SCHWARZXXL
Özel Üye
Karasan muhalifsin ama haklısın da.
Bu aşırı övme bir miktar meseleye hakim görüntüsü çizme çabasından da kaynaklanıyor. Bu spora doymuş bir kişi herhalde "vay baba süpersin" seviyesindeki iltifata itibar etmez.
Ama gerçekten işe hakim olmayan bu gerçekten bihaber olacaktır.
Bu aşırı övme bir miktar meseleye hakim görüntüsü çizme çabasından da kaynaklanıyor. Bu spora doymuş bir kişi herhalde "vay baba süpersin" seviyesindeki iltifata itibar etmez.
Ama gerçekten işe hakim olmayan bu gerçekten bihaber olacaktır.
Vallahi bence körü körüne hayranlık çok hoşa gitmiyor.

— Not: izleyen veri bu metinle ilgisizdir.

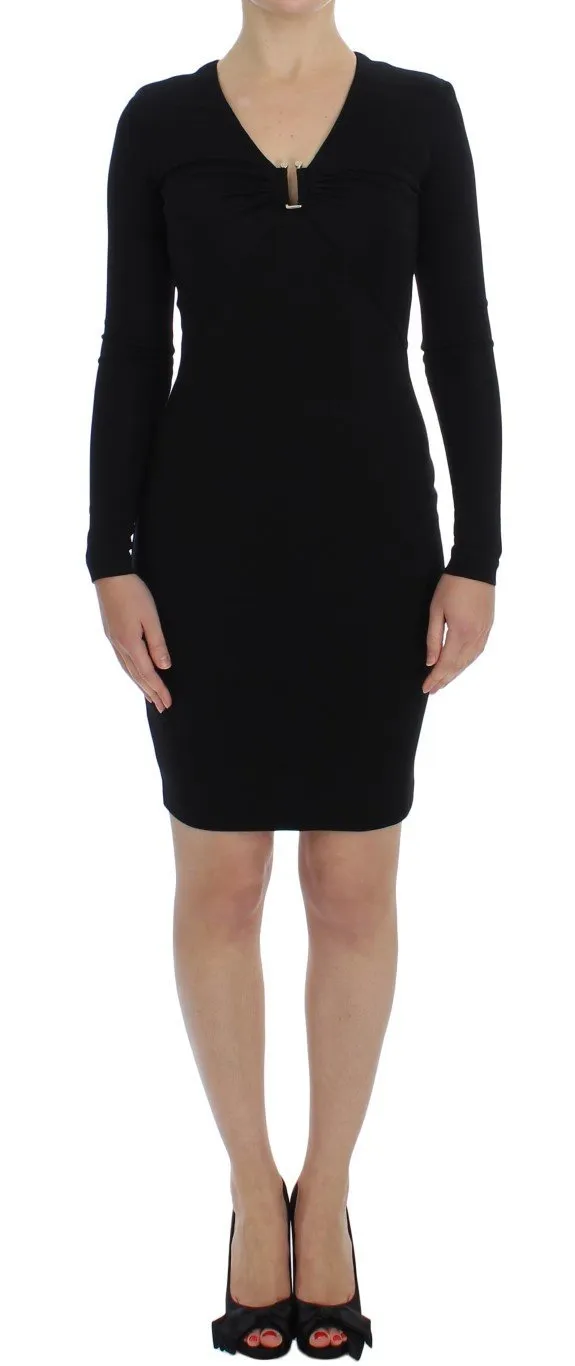 Black Stretch Sleeves Sheath Dress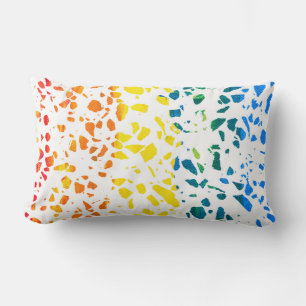Abstract Rainboogpatroon van Terrazzo Mosaic Kussen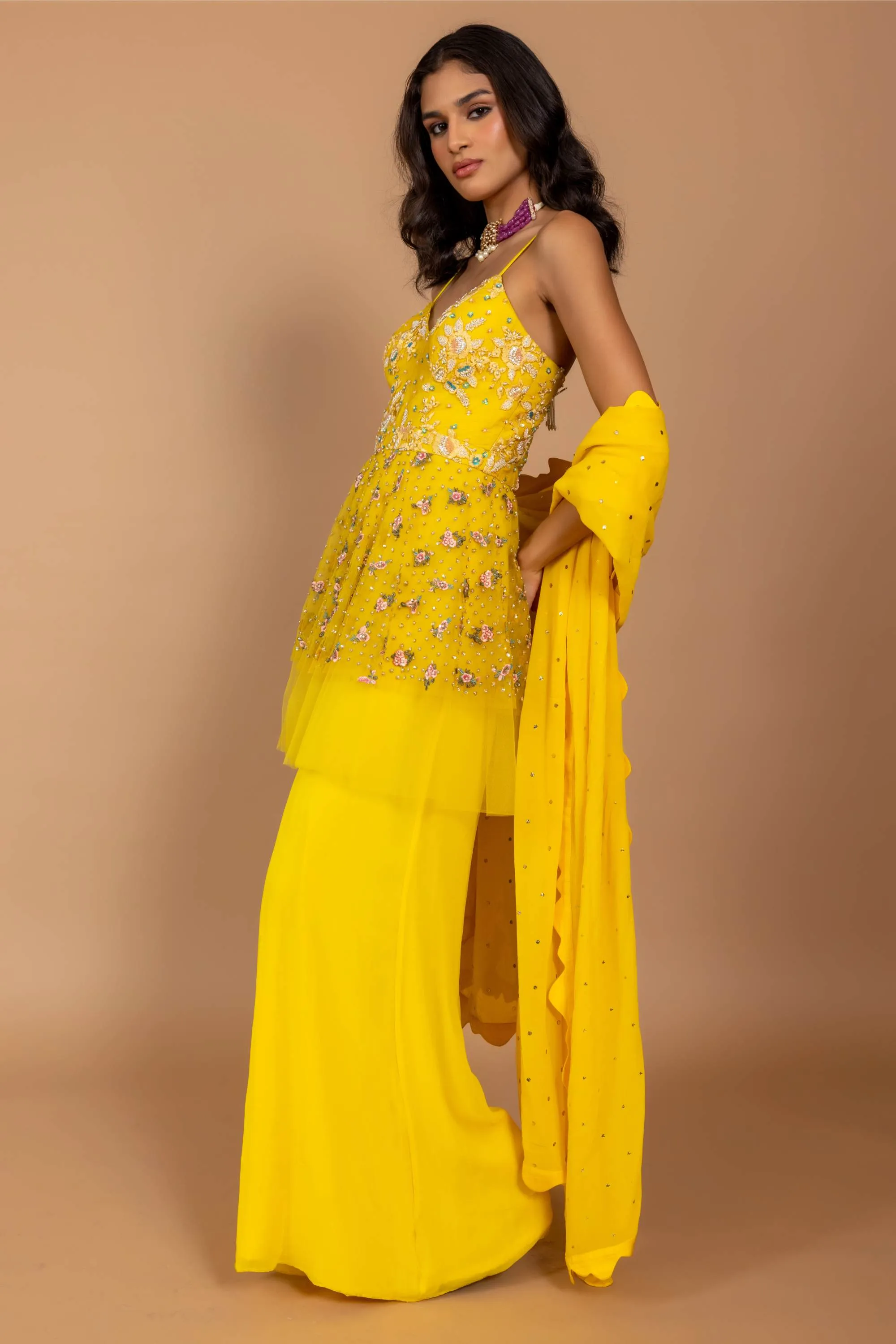 Marigold yellow jumpsuit with dupatta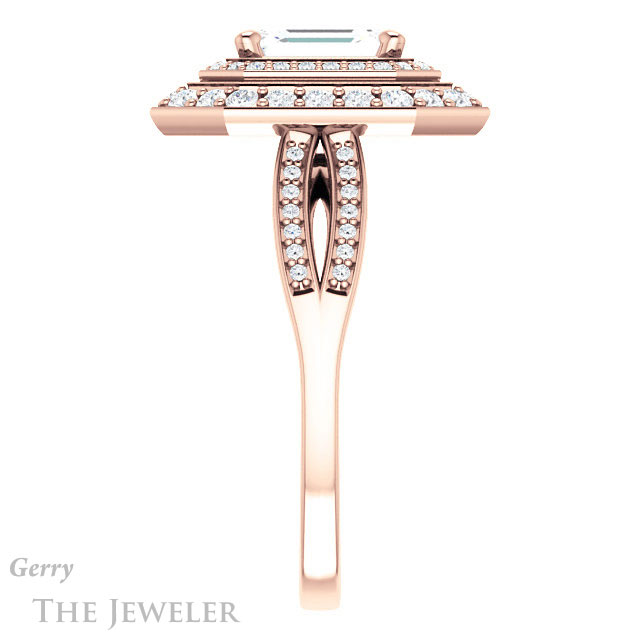 Emerald Cut Forever Brilliant Moissanite Engagement Ring #GTJ1010-emerald-fb-r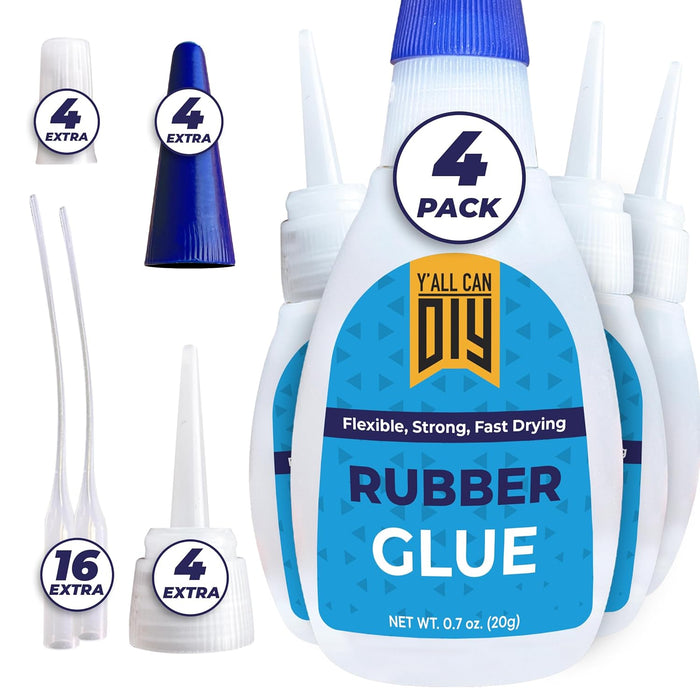 Y'allCanDiy Super Glue for Rubber - Cyanoacrylate Based Adhesive for RC Tires, Seals , Gaskets, Soles, Hose, Mat & Neoprene, Automotive Parts Repair. Heavy Duty, Waterproof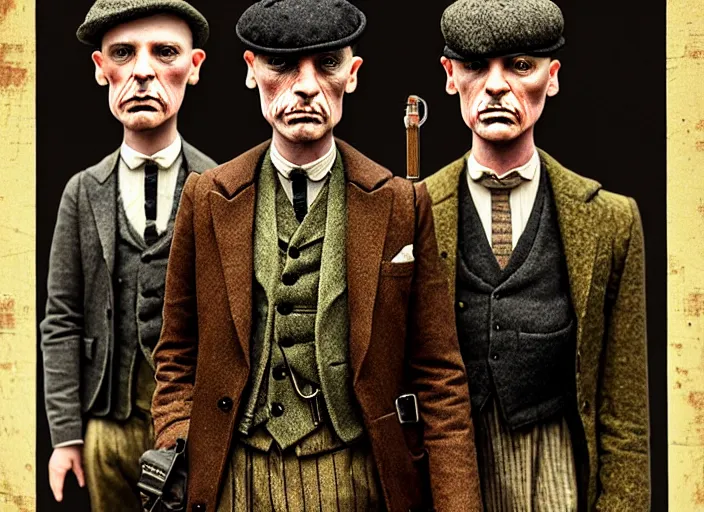 Image similar to peaky blinders crew made of shimps, poster, matte painting, 3 - d highly detailed, in the style of mark ryden,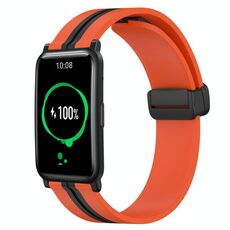 Cinturino per orologio in silicone con chiusura magnetica pieghevole For Honor Watch ES 20 mm (arancione + nero)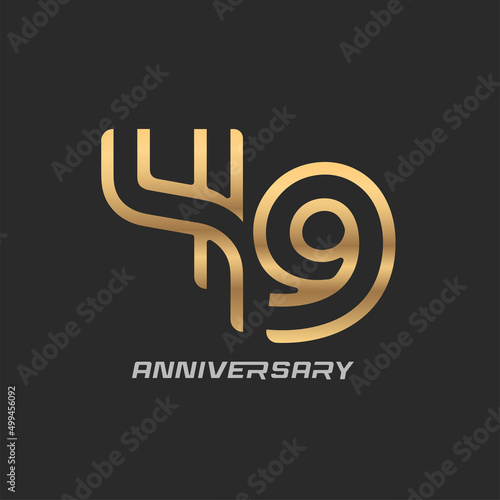 49 years anniversary celebration logotype with elegant modern number photo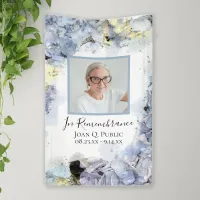 Blue Hydrangea Watercolor Celebration of Life Banner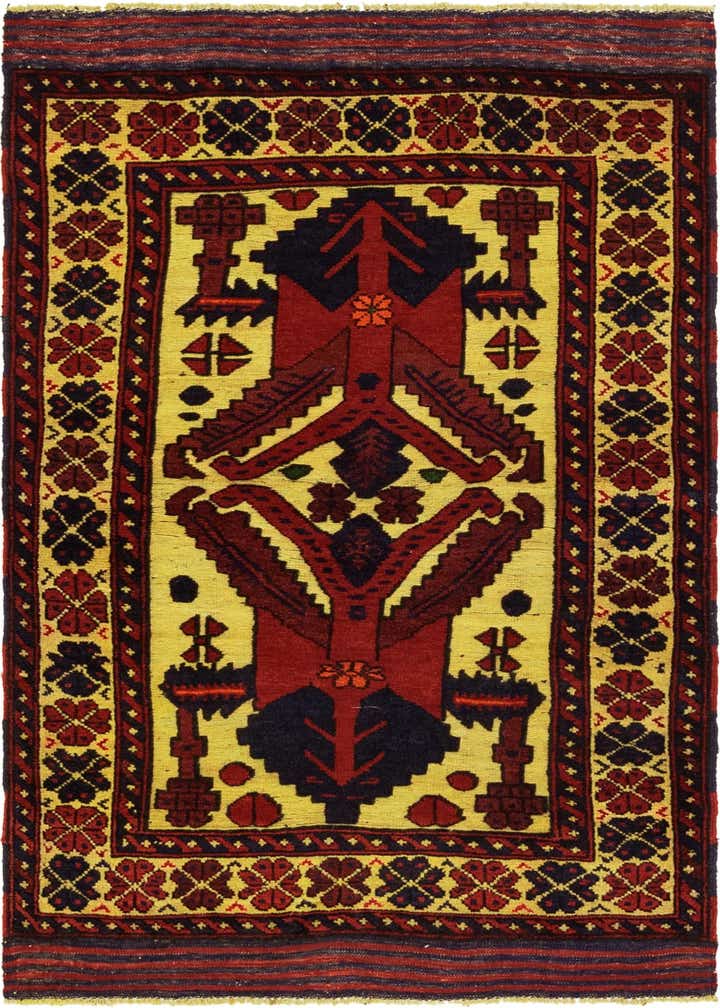 2' 8 x 4' 10 Hand Knotted Sumak Wool Rug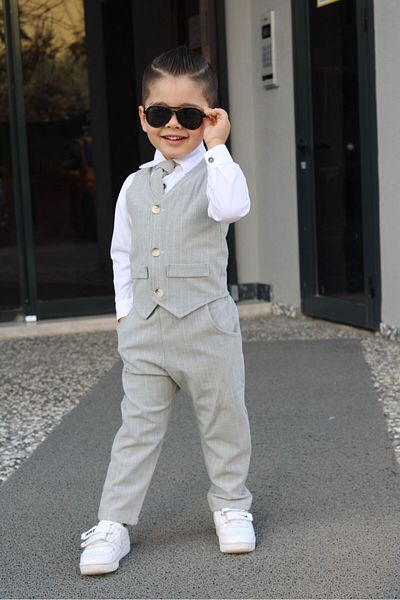 Z KİDS Baby Boy Set with Gray Striped Vest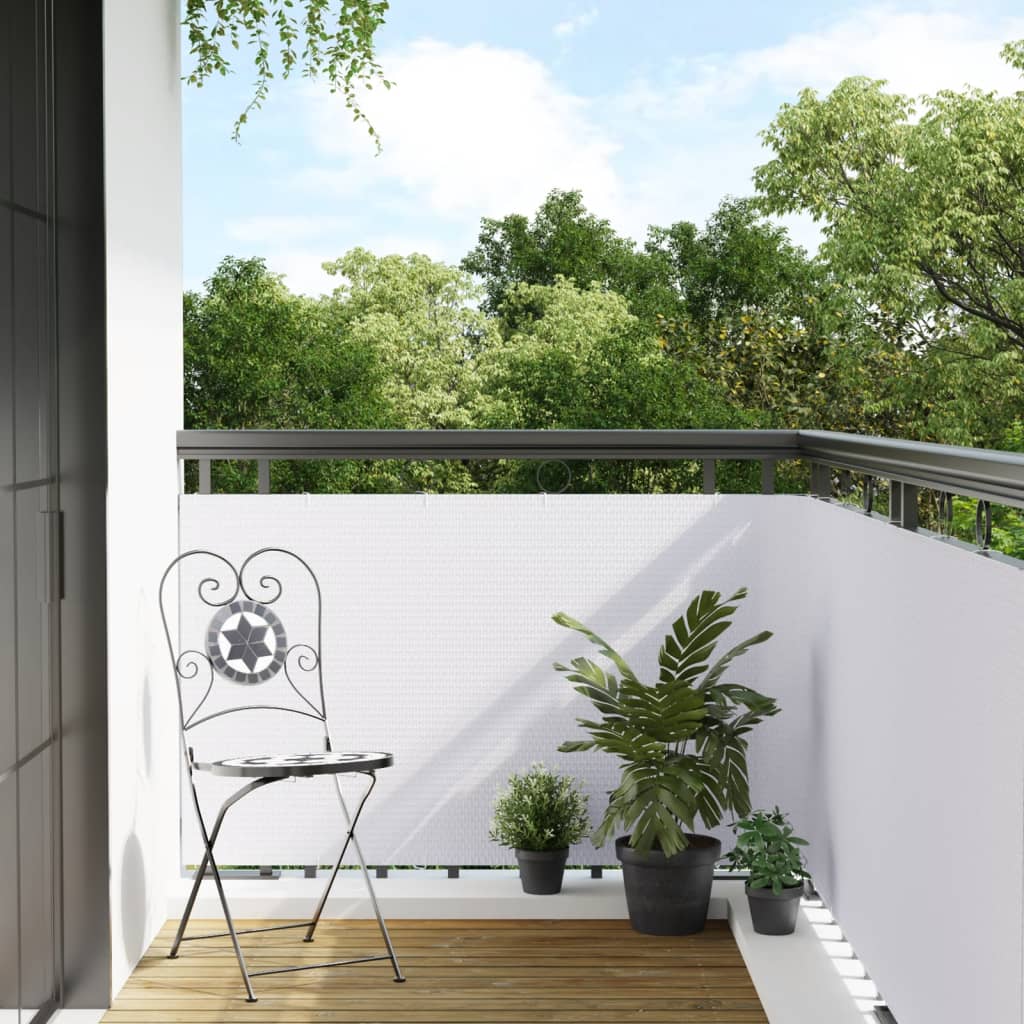 Toldo Para Balcón Ratán Sintético Blanco 1000x100 Cm / Vetonek_0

Düşünsenize, bir alanda çok iyisiniz ama sizi anlamayan birisi, size müthiş methiyeler düzüyor, hayranlığını dile getiriyor.
İşi anlayan birisinin yerinde eleştirileri kadar dikkat çekmez, önemsenmez.
Bunun bir örneğini Ahmet Enünlü Hocamızın yanında yaşadım, Şampiyon isimli, Hocanın kendisine ait salonunu işlerine bakan bir arkadaş, sohbet esnasında, 1976 IFBB Amatör Dünya Şampiyonası resimlerine bakarken, hocam, hepsinden iyiymişsin be, hakkını yemişler gibi bir laf etti.
Ben karşı çıktım, hocama büyük bir hayranlığım olmasına rağmen, o sene Robby Robinson gerçekten inanılmaz olduğu için, yarışmayı hakkıyla kazanmıştı.
Şimdi gidipte, hakkın yendi, sen birinci olacaktın Hocam! demek inanın hoşgörür bir tebessümle karşılanır, hoşa gitmez, sadece, eyvallah sağolasın denir.
Bunları neden yazıyorum hemen söyleyim.
Bir insan sevildiği kadar anlaşılmak ister bence, onu iyi değerlendirip anlamadan, hayran olup göklere çıkarmak, anlayıp daha ölçülü olarak sevmek kadar mutlu etmez bir sporucuyu, ya da herhangibir üstad olmuş bir kişiyi.
Nacizane fikrimi bu vesileyle söylemek istedim.